Light: Square 100,000 numbers

Sequential: 0.00029s
Parallel:   0.392s
Speedup:    0.0008x

Trivial operations are faster sequential - parallelization overhead dominates.

Medium: Prime check on 1,000 numbers

Sequential: 0.281s
Parallel:   0.068s
Speedup:    4.1x

Good speedup - enough computation per item to overcome overhead.

Heavy: Count primes for 100 values

Sequential: 14.9s
Parallel:   2.5s
Speedup:    6.0x

Excellent speedup - significant work per item distributes well.

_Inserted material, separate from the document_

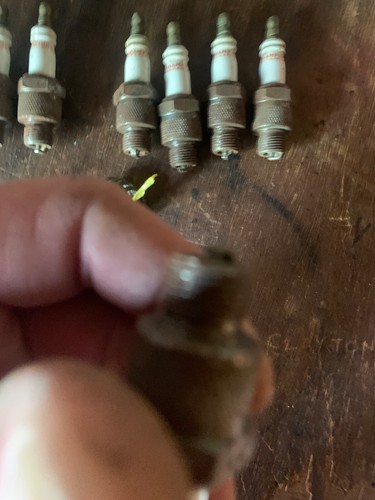"8LOTBUY"-CHAMPION H-9 SPARK PLUGS POWNED NO BOXES-BUT NEVER BEEN USED*** - Picture 5 of 6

Very Heavy: Fibonacci(20-39)

Sequential: 318.4s
Parallel:   356.4s
Speedup:    0.89x

No speedup - 20 items but highly uneven work distribution (fib(39) >> fib(20)).

Source

NB. par.ijs - Parallel execution utilities for J

NB. Configuration
par_POOL_z_ =: 1
par_cores_z_ =: {. 8 T. ''

NB. Thread pool management
par_init_z_ =: 3 : 0
  for_i. i. y do. 0 T. < par_POOL end.
  par_workers''
)
par_workers_z_ =: 3 : '{: 2 T. par_POOL'
par_status_z_ =: 3 : '2 T. par_POOL'

NB. Parallel adverbs
par_z_ =: 1 : '>@(u t. par_POOL "_1)'
parr_z_ =: 2 : '>@(u t. par_POOL " n)'

NB. Auto-initialize
par_init par_cores - 1

License

Public domain.